Dim drums throbbing, in the hills half heard,
Where only on a nameless throne a crownless prince has stirred,
Where, risen from a doubtful seat and half attainted stall,
The last knight of Europe takes weapons from the wall,
The last and lingering troubadour to whom the bird has sung,
That once went singing southward when all the world was young,
In that enormous silence, tiny and unafraid,
Comes up along a winding road the noise of the Crusade.
~ from "Lepanto" by G.K. Chesterton
Recently we held a wonderful First Sunday gathering, honoring Our Lady of the Rosary as always but especially so in this month of October. Mr. Verlander told the story of the great victory in the Battle of Lepanto of the Christians over the invading Turks in 1571, and recited Chesterton's epic poem. What do we make of such far away dangers and feats? The daunting deeds accomplished by heroic, valiant, holy figures against certain death, with miraculous success, at once highlights our smallness and emboldens our better natures.

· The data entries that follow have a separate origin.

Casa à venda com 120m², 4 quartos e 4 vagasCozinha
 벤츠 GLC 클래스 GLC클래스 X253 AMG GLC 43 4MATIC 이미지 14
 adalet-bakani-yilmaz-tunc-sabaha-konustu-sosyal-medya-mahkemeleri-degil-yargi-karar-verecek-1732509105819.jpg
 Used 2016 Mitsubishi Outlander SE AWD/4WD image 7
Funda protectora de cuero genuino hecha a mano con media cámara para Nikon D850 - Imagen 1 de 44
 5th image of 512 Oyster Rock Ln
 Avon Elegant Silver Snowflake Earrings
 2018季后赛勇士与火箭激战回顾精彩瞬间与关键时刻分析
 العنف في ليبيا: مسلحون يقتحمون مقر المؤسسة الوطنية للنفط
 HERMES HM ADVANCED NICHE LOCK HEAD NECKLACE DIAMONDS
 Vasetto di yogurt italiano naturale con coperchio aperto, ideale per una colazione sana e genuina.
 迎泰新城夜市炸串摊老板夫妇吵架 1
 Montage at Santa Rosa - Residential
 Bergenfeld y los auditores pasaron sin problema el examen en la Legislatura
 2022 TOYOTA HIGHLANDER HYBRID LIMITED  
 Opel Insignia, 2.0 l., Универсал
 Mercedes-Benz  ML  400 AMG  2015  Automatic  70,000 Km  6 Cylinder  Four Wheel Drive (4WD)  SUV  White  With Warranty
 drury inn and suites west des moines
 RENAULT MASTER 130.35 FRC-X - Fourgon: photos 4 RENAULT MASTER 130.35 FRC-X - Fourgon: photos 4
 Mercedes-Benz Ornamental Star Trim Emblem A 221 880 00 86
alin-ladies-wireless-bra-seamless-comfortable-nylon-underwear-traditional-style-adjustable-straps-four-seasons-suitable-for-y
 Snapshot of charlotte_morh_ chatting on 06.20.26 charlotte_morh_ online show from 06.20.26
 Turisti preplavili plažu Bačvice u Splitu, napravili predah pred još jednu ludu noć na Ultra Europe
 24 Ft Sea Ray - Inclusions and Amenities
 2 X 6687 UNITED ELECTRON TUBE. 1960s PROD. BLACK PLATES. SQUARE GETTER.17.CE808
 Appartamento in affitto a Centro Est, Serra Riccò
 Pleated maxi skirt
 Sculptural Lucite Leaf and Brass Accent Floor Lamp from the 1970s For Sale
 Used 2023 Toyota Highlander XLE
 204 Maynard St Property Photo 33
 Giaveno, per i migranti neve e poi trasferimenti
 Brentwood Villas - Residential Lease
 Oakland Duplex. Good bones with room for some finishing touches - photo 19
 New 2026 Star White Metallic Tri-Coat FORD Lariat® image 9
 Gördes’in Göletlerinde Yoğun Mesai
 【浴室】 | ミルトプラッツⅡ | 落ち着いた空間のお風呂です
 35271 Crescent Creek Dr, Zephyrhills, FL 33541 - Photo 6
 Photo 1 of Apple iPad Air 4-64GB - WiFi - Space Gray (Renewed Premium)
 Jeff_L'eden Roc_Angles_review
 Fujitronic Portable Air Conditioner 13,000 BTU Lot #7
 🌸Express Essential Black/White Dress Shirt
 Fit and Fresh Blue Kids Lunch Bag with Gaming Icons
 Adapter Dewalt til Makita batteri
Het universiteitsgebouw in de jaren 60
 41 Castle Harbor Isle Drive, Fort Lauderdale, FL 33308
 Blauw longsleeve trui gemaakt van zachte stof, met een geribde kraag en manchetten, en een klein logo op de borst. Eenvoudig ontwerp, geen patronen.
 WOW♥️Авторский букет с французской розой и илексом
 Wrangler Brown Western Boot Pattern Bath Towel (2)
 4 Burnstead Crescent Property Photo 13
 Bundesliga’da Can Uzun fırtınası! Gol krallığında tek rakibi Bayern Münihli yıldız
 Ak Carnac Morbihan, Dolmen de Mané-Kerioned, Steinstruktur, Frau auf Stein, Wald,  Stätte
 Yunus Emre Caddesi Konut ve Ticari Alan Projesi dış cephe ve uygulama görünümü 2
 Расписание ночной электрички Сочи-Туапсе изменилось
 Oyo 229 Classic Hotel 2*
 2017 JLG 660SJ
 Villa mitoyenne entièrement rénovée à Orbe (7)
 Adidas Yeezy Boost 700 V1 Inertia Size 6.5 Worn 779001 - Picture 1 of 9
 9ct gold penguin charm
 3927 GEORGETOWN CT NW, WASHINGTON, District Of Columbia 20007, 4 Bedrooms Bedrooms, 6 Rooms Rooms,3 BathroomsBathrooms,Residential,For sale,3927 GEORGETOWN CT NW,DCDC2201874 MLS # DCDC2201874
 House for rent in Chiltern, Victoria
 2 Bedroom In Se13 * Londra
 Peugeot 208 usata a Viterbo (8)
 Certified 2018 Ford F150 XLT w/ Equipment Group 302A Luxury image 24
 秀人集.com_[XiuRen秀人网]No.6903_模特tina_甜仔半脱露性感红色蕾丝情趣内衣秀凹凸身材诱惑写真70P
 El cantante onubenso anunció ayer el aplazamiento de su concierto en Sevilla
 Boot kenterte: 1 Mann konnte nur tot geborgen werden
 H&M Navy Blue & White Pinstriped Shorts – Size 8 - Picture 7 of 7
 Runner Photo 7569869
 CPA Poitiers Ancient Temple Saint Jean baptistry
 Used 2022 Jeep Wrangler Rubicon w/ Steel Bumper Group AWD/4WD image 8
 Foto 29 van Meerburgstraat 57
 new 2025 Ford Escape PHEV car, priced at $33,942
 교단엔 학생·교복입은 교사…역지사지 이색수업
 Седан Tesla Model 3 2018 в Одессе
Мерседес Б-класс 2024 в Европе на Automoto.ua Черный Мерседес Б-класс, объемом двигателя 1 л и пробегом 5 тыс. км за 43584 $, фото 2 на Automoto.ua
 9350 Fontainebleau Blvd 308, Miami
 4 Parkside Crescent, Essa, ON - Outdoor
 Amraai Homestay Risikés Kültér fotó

And we fight in the same great battle, truly, granted on a different battlefield, wielding the same great weapon that accomplished the victory of Pope Pius V's Holy League under Don John - the Holy Rosary. The world is less friendly than ever before to those who love the Lord and wish to walk in His ways, especially via the sorrowful way of His Holy Mother and according to the old traditions, and we live our daily lives in spiritual battle. Like the unlikely hero we find in the figure of Don John and even more fittingly, in the figure of Don Quixote, we are able to pick out our path, filled with obstacles as it is, in faith and confidence and through prayers offered to Our Lady. We may seem foolish in the eyes of the world, but we trust to hope in the rewards of eternal salvation, divorced from this world. Our Lady is our loving guide and protectress, to whom we offer roses in return for strength and grace to persevere.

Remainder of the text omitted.